Haahaahaa!! That's some feast!! I wouldn't like to clean out your kennel in the morning!

I had a fry up for breakfast too since I ended up on the vodka last night! Woops!! :rolleye:

But back to sensible eating tomorrow and a wee ham and quad session after work :thumb:


----------



## W33BAM (Dec 23, 2008)

Leigh L said:


> Hello! Nice to meet you. I've only been here 6 months myself so I can't really welcome you back but it's nice to have another woman about the place


Thanks missus  GIRL POWER 'n all that! :thumb:


----------



## DiamondDixie (Oct 17, 2009)

Lol rocky road ice cream, I'm quite lucky as my sweet tooth only comes out once in a while. Atm I've got a thing for sea food and fish and a massive craving for king prawns lol.

Yep i'm strange I know :stuart:


----------



## W33BAM (Dec 23, 2008)

Yup! Very strange!! Although fish is good, its the ice cream thats the killer!! I could eat it all day!!


----------



## Uriel (Oct 14, 2008)

W33BAM said:


> I'm from Motherwell originially but I live just outside Wishaw now... For now!


aye - the whole place is chaged a lot.....i was up a month or so ago at my folks with my wee girl...i dont know wishaw very well anyway - played them at rugby when i was at school....

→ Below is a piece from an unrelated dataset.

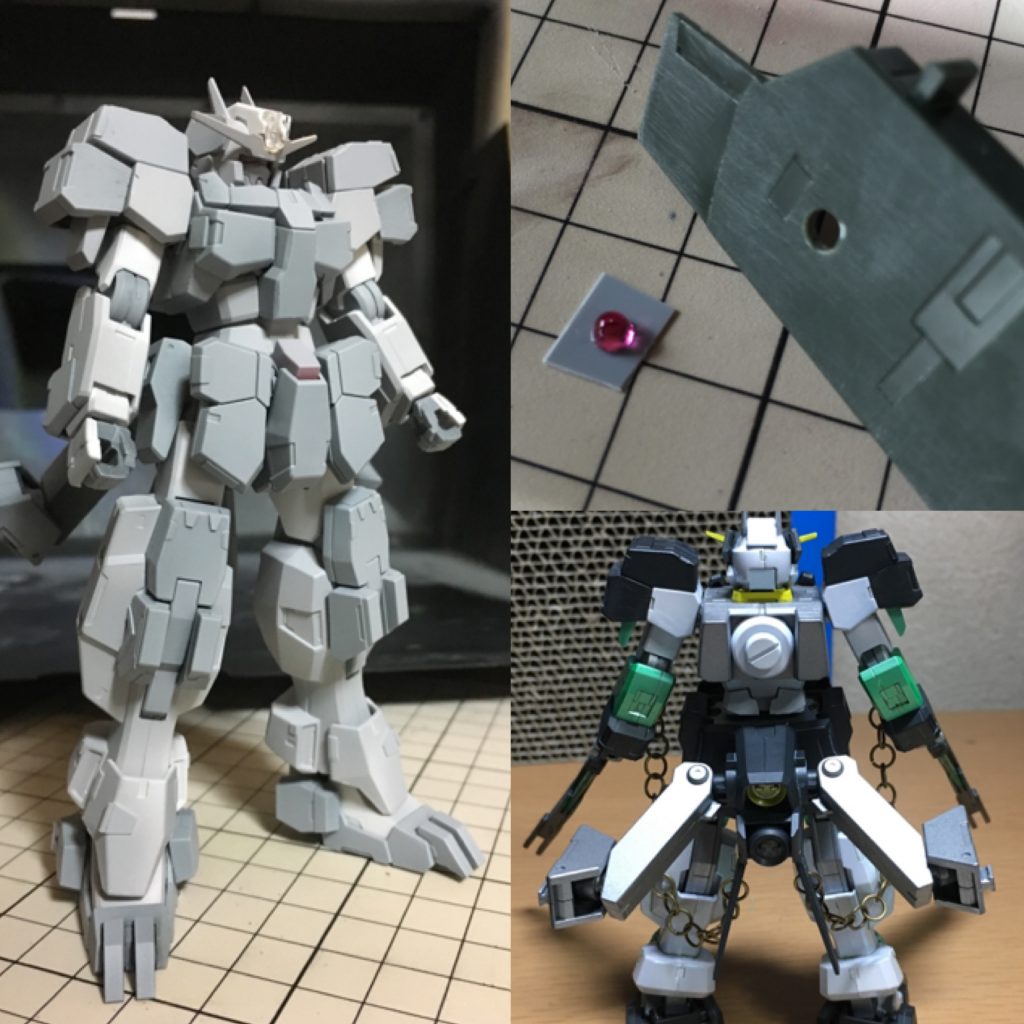 プラ板を貼り付けた箇所とビーズ、チェーンをつけた場所のわかりやすい写真です。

You and Johnnie still together?


----------



## Hera (May 6, 2011)

Welcome back! :clap:


----------



## W33BAM (Dec 23, 2008)

Uriel said:


> aye - the whole place is chaged a lot.....i was up a month or so ago at my folks with my wee girl...i dont know wishaw very well anyway - played them at rugby when i was at school....
> 
> You and Johnnie still together?


Nope, split up last month. Still the best of pals though which is cool. I should think so too after 10 years!!


----------



## yannyboy (Jun 20, 2009)

I only really got back onto the forum again recently, it's still a really good place still

BTW reading Uriels posts has me in stitches most nights, lol


----------



## Beats (Jun 9, 2011)

Another Scot back on the board :thumbup1:


----------



## W33BAM (Dec 23, 2008)

yannyboy said:


> I only really got back onto the forum again recently, it's still a really good place still
> 
> BTW reading Uriels posts has me in stitches most nights, lol


Haha!! I've had many a laugh over the years at uriels random posts and banter!!

Must be the daft Scotsman coming out in him!! Ha!


----------



## W33BAM (Dec 23, 2008)

Dizzee! said:


> Another Scot back on the board :thumbup1:


Taking over the world!!! Ukm domination! Ha! Well we can try!!


----------



## W33BAM (Dec 23, 2008)

Katy said:


> Welcome back! :clap:


Thanks missus  x


----------



## lxm (Jul 26, 2011)

West coast....

Oh god.

(Hi....  )


----------



## Beats (Jun 9, 2011)

W33BAM said:


> Taking over the world!!! Ukm domination! Ha! Well we can try!!


We will try and we will succeed haha


----------



## W33BAM (Dec 23, 2008)

lxm said:


> West coast....
> 
> Oh god.
> 
> ...


I beg your egg!!! I ain't no west coaster!! I'm a central belter!!

You canny be tarring me with the doity brush of RS, Weeman, Rab or the likes!! Haha!!


----------



## W33BAM (Dec 23, 2008)

Dizzee! said:


> We will try and we will succeed haha


I concur!!! I've got your back big fella!! :thumb:


----------



## Beats (Jun 9, 2011)

W33BAM said:


> I concur!!! I've got your back big fella!! :thumb:


Haha, Nobody will mess now like!


----------



## lxm (Jul 26, 2011)

W33BAM said:


> I beg your egg!!! I ain't no west coaster!! I'm a central belter!!
> 
> You canny be tarring me with the doity brush of RS, Weeman, Rab or the likes!! Haha!!


With a signature like this who are you kidding???





> On it like a tramp eatin' chips oot a bin!!


Anyway... Fifer here...(the fancey end)


----------



## W33BAM (Dec 23, 2008)

lxm said:


> With a signature like this who are you kidding???
> 
> 
> 
> Anyway... Fifer here...(the fancey end)


There's a fancy end???? Ha!!

Aye ok ok, there might be a bit of westcoast in me but shhhhhh!!! :whistling:


----------



## irishdude (Sep 26, 2009)

Welcome back missus


----------



## chinup (Apr 5, 2012)

WestCoast is the best coast lets not kid yourselfs on


----------



## W33BAM (Dec 23, 2008)

chinup said:


> WestCoast is the best coast lets not kid yourselfs on


Aye right you, behave!!! I'm no havin any o' that chat in here!!! :tongue:


----------